Il tempo di Derrick oggi è quasi finito, ma la prossima volta riprenderò il tema. Intanto ringrazio Giovanna Casalini per la sua lettera aperta su un paio di casi specifici riguardo a cui la invito a mandarmi maggiori informazioni. Casalini, totalmente contraria al biogas, unisce spunti a mio avviso non rilevanti e che non condivido (per esempio la critica a un’amministrazione perché permette un impianto di un imprenditore non della zona, come se a preoccuparla fosse un’istanza di protezionismo municipale) ad altri che invece trovo importanti, soprattutto riguardo all’efficacia dei controlli e al processo autorizzativo degli impianti.

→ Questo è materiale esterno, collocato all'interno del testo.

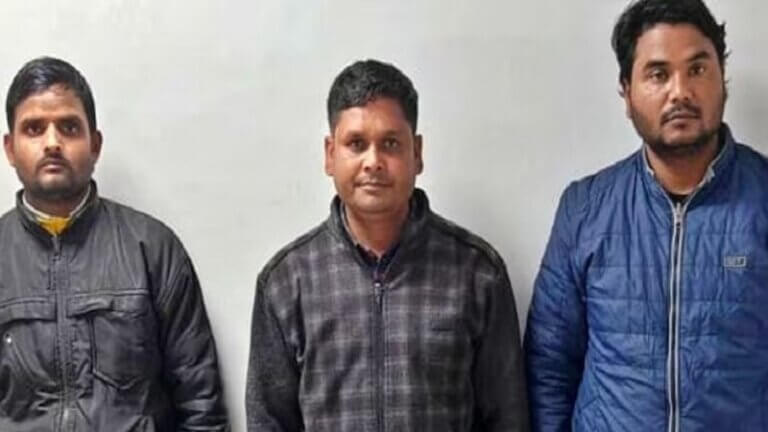 Bijnor CBI's anti-corruption team arrested three people-including bribe-taking bankmanager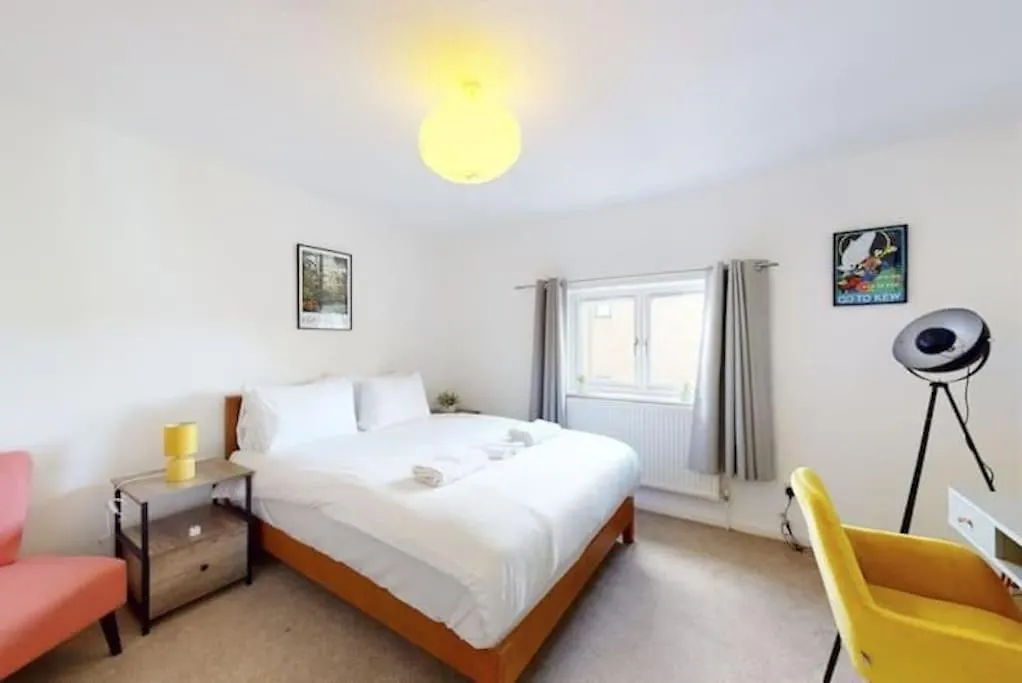 4 Bedroom Family Home On Piccadilly Line-1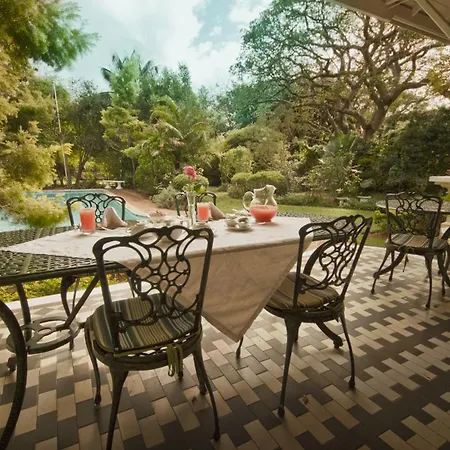 Hacklewood Hill Country House-3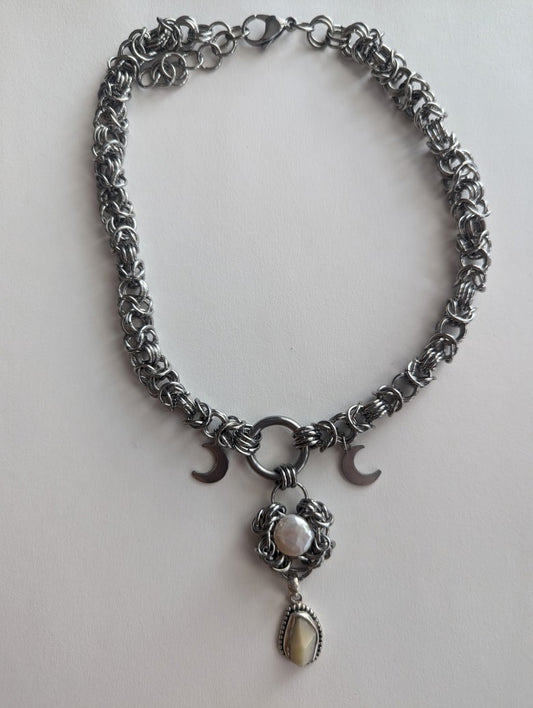 REAL OPAL AND PEARL CHAINMAIL NECKLACE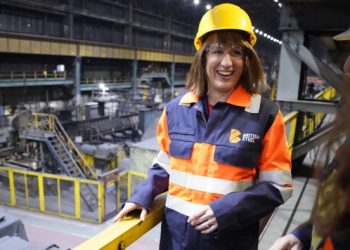 UK starts hunt for buyer for British Steel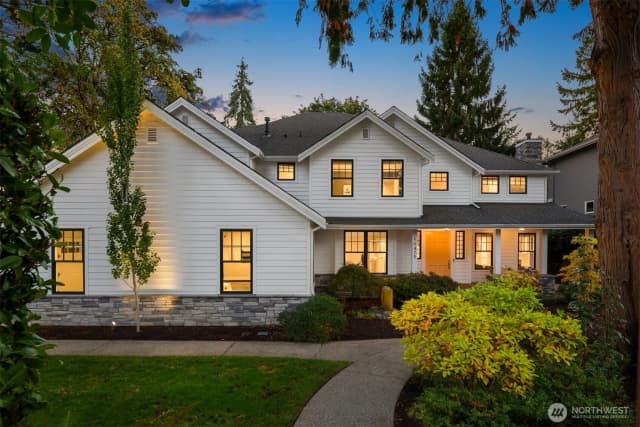 Property photo for 10475 Se 23rd Street, Bellevue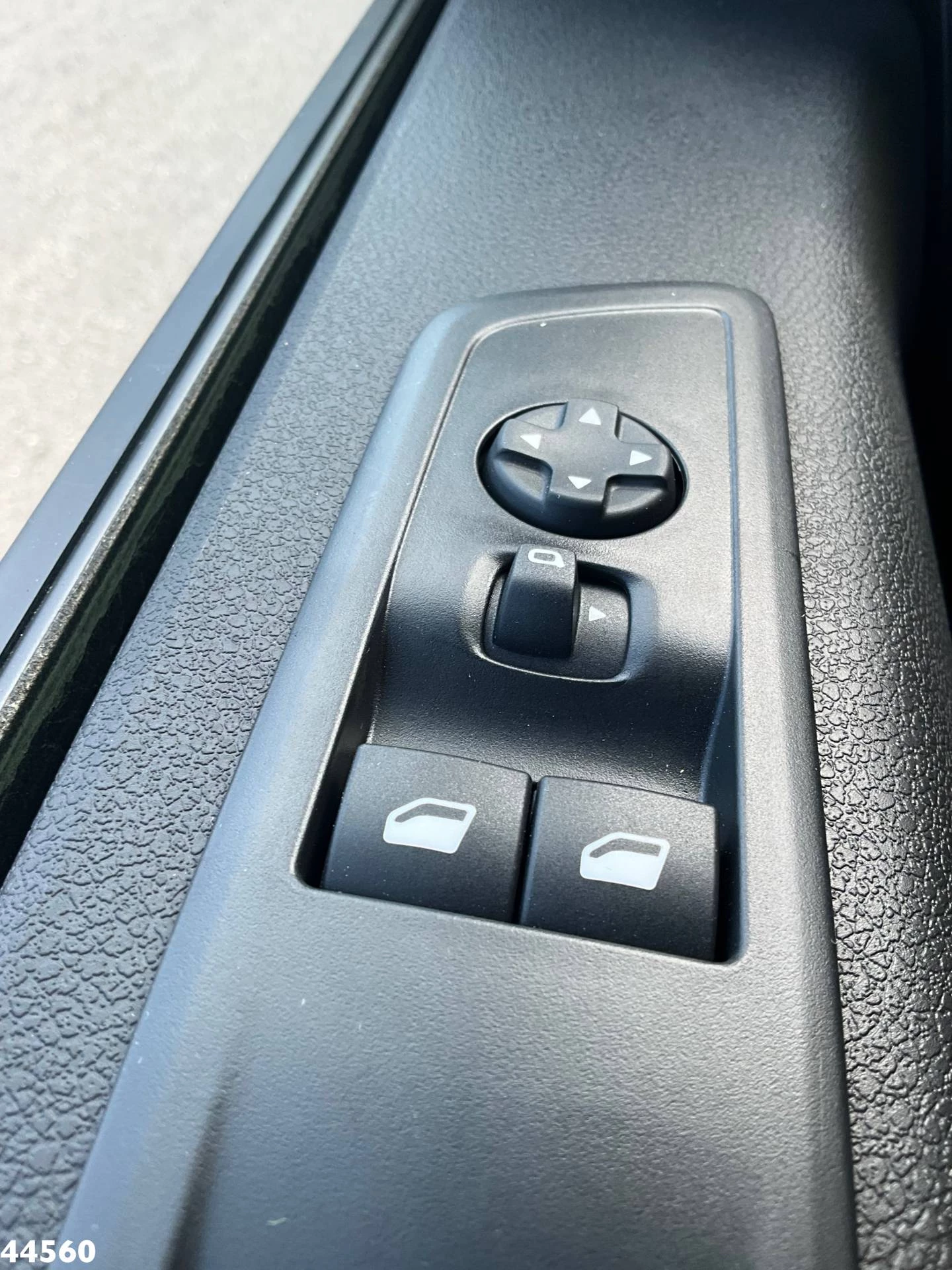 Peugeot e-Expert 2024 - 100% elektrisch kippende zijlader obrázek 22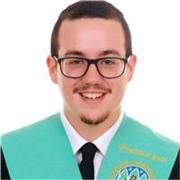 Maestro de Primaria y Música con tres años de experiencia en centros públicos.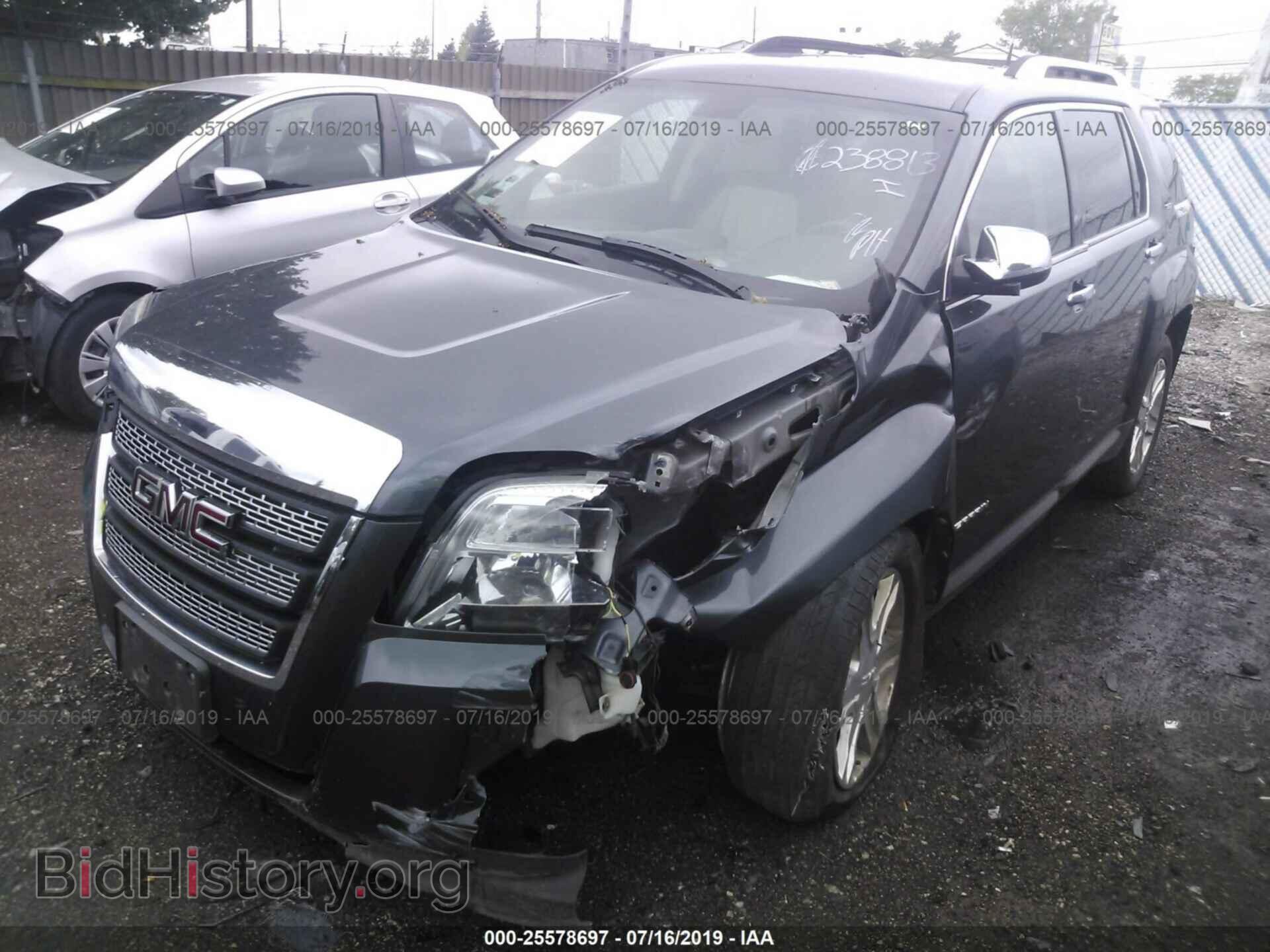 2011 GMC TERRAIN - VIN: 2CTFLXEC8B6328813 - Фото 2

In chiusura invito gli ascoltatori a mettere in agenda un convegno sulla fiscalità ambientale, cui corrisponderà il lancio di un documento-manifesto di Radicali Italiani e Legambiente dal titolo "Basta sussidi a chi consuma l'ambiente", il 21 maggio pomeriggio a Roma.

Infine, Radio Radicale sta monitorando gli ascolti delle rubriche. Se avete seguito Derrick, per favore segnalatelo a ioascolto@radioradicale.it .


Grazie da Michele Governatori

martedì 6 maggio 2014

Pro e contro dell'energia da biogas - Parte 1 - D201

È sempre più frequente, soprattutto nella pianura padana, imbattersi in zone agricole occupate da larghe calotte circolari. Si tratta di contenitori destinati alla digestione anaerobica di biomasse. Scarti agricoli, oppure prodotti agricoli coltivati apposta, letame, scarti della lavorazione alimentare o altro, che attraverso la trasformazione chimica di batteri producono gas combustibili e un residuo utilizzabile come fertilizzante.

I gas combustibili alimentano motori a combustione interna, derivati da motori diesel o a ciclo Otto, accoppiati a generatori elettrici. Il risultato è la produzione di elettricità e il recupero del calore residuo (cogenerazione in gergo), quest’ultimo in parte riutilizzato attraverso reti apposite nel processo stesso di trasformazione della biomassa o per altre necessità, civili, agricole o nei casi di integrazione più fortunata industriali, purché evidentemente in aree limitrofe.

L’uso energetico di biomasse, incluso il biogas ottenuto nel modo che ho detto, è a tutti gli effetti produzione di energia da fonte rinnovabile, perché il combustibile si rigenera attraverso il ciclo vegetale o animale, e per questo ha diritto agli incentivi destinati alle rinnovabili. Naturalmente, e gli ascoltatori fedeli di Derrick lo sanno bene, fonte rinnovabile non vuol dire né fonte senza impatto ambientale né, nel caso delle biomasse, fonte senza emissioni di fumi di combustione dannosi.

Vediamo prima quali ragioni ecologiche possono rendere utili impianti come quelli che ho schematizzato sopra, prima di passare alle ragioni di preoccupazione.

Primo vantaggio ecologico: captazione di gas con un effetto serra molto intenso, come il metano, che nella normale attività agricola verrebbero emessi tal quali in atmosfera e che invece, una volta bruciati, hanno un impatto-serra minore.

Secondo vantaggio ecologico: produzione di energia elettrica e termica spiazzando produzioni convenzionali, per esempio a carbone, a maggiore impatto negativo su ambiente e salute.

Terzo vantaggio ecologico: la trasformazione batterica segregata di liquami biologici riduce l’inquinamento delle acque, tant’è che in effetti è un processo in parte comune ai depuratori.

Molte aziende agricole stanno dotandosi di impianti del genere e questo modifica in modo anche rilevante la morfologia delle campagne coinvolte, il che, comprensibilmente, solleva preoccupazioni. Proverò la prossima volta a fare un elenco delle ragioni invocate di solito dai contrari all’uso energetico del biogas da fonte agricola. Anticipo subito che alcune le trovo pretestuose, altre molto concrete.